Ne’ L’approccio di
Goffman all’interazione faccia a faccia (chi ha tempo e voglia può
facilmente reperirlo in Internet), Adam Kendon scrive che Erving Goffman
tentava di fare dell’ordine dell’interazione «un campo di studio a sé». Secondo
Kendon, ne’ Il comportamento pubblico
c’è il chiaro tentativo «di giustificare lo studio dell’interazione come una
branca della sociologia indipendente».
Ne’ Il rituale dell’interazione,
Goffman scrive: «Io parto dal presupposto che l’oggetto dello studio dell’interazione
non debba essere l’individuo, ma piuttosto le relazioni sintattiche esistenti
tra gli atti di persone che vengono a trovarsi a contatto diretto».
Nelle Relazioni in
pubblico Goffman nota che alcuni studiosi, in particolare alcuni linguisti
ed etologi, sono impegnati in un’impresa parallela alla sua, e suggerisce di
chiamare quest’area “Etologia dell’interazione”.

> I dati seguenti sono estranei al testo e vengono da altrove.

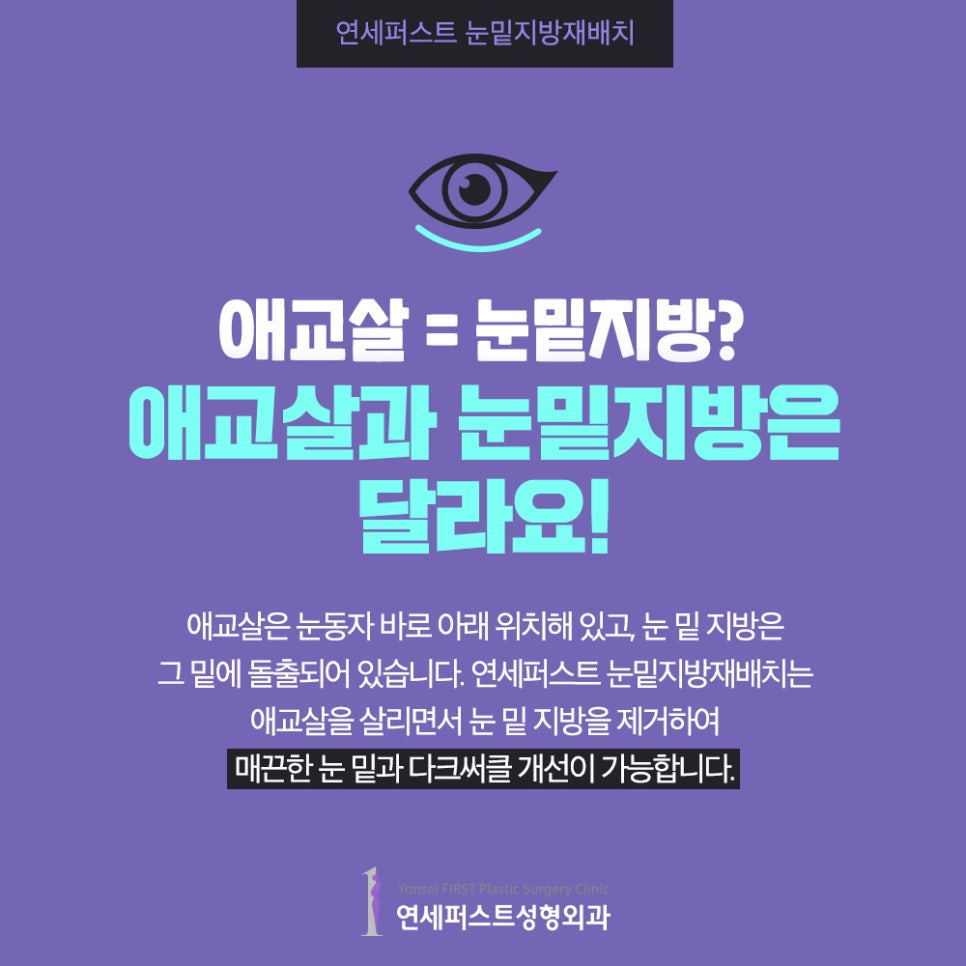 눈밑지방재배치 다크써클제거하기! 관련 이미지 2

Sino alla fine della sua carriera, scrive Kendon, Goffman
dà l’impressione di tentare di stabilire qualcosa di completamente nuovo. Ne’ L’ordine sociale (1998), uno dei suoi
ultimi scritti, discute ancora del posto che l’ordine dell’interazione occupa
nella sociologia. Insomma, chi ha avuto modo di leggere alcuni miei scritti
ispirati a questo tema, potrà trovare molteplici affinità tra il progetto di
Goffman di tracciare un nuovo campo di analisi e la mia Etoanalisi.

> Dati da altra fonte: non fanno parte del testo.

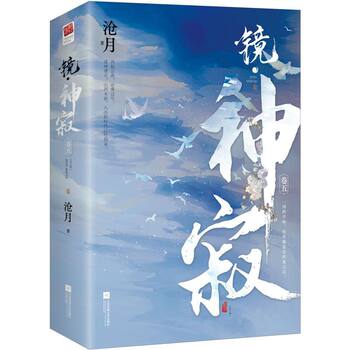 Authentic Edition[Shipped in Airplane Box + 2 Bookmarks]Mirror God's Silence (Complete in Two Volumes) by Cang Yue - Ancient Style Fantasy Novel - Finale of the Mirror Series - Author of Zhu Yan Yu Gu, Yao Jing Shuang Cheng, Po Ju Bi Tian - Romance Novel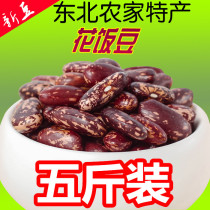 Flower rice beans northeast farmhouse self-produced red rice beans big rice beans Heilongjiang flower kidney beans red flower beans 5kg pack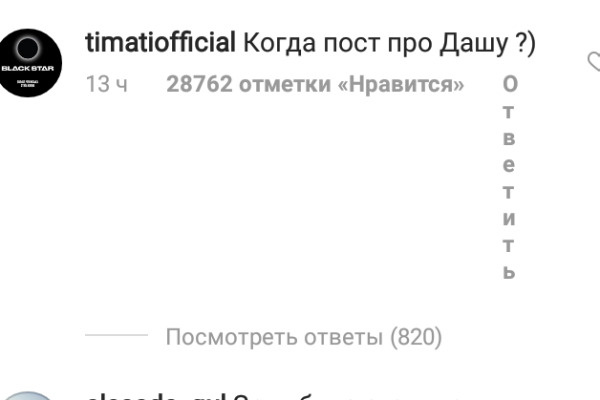 Тимати решил подшутить над ажиотажем вокруг личной жизни Крида Тимати решил подшутить над ажиотажем вокруг личной жизни Крида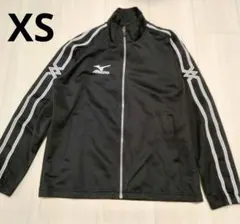 ミズノ　MIZUNO XS トラックジャケット　ブラック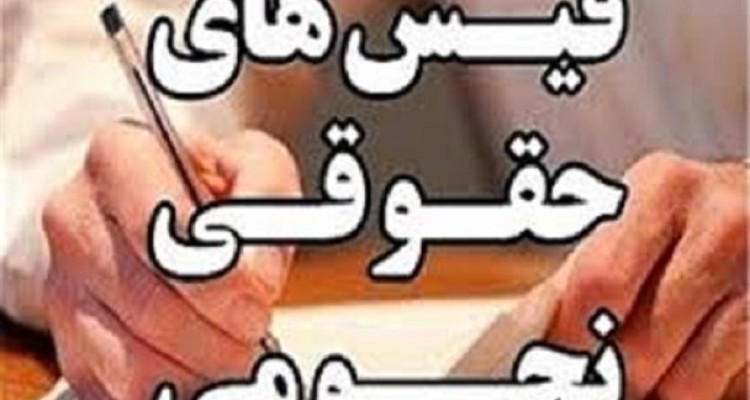 جاده پر پیچ و خم مقابله با نجومی‌بگیر‌ها / "اما" و "اگر‌ها" در مورد سیستم نظارت متمرکز بر حقوق و مزایای مدیران/ آیا حقوق مدیران دولتی محرمانه می‌ماند؟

Tuttavia, al di là delle evidenti affinità, dovute anche e
soprattutto al fatto di aver utilizzate comuni fonti di pensiero (Simmel, Mead, Bateson), rilevo
che esistono delle divergenze fondamentali tra i due approcci all’interazione,
che potrei sintetizzare in quattro o cinque punti:
In primo luogo, noto un’assenza descrittiva degli ambiti
interazionali, vale a dire mancano la definizione dei limiti della relazione
che segnano il dominio entro il quale gli agenti possano interagire. Se non
vengono tracciati dei limiti all’interno di ciascuna relazione tali da essere
riconoscibili dagli stessi agenti che vi partecipano, non è possibile neanche osservare
(come osservatore esterno all’interazione) che tipo di interazione è in corso
tra i due agenti, e quindi non è possibile neanche stabilire come una qualsiasi
relazione possa nel tempo essere modificata sino a far emergere relazioni
nuove rispetto alle precedenti.
In secondo luogo, noto un’assenza sulla modalità in cui il
“potere” si distribuisce all’interno di ciascuna relazione. È assente una
differenziazione del piano delle “aspettative sociali” e quello della specifica
“modalità interattiva”: mentre nel primo ad “agire” è la pressione sociale,
nella seconda, invece, è la “pressione del Sé”. Fin quando si interagisce sotto
la pressione sociale è possibile mantenere un certo distacco. Invece, quando si
esercita una qualsiasi pressione “personale” il coinvolgimento del Sé diventa
inevitabile.
Nell’etoanalisi, il modo in cui il potere si distribuisce all’interno
di una relazione è un punto centrale quando si vogliono comprendere le
dinamiche interazionali tra gli agenti. Non può essere un elemento trascurabile
se si vuole effettivamente comprendere le dinamiche del comportamento
interattivo. Il tema del potere è legato all’affermazione del sé su quello
altrui. A questo punto si comprende come anche lo stesso “Sé” non possa essere
inteso come un’entità “mentalistica”, come un qualcosa di cui si ha coscienza a
livello mentale o percettivo. Il Sé non può essere confuso con il concetto di
coscienza o con il grado di consapevolezza.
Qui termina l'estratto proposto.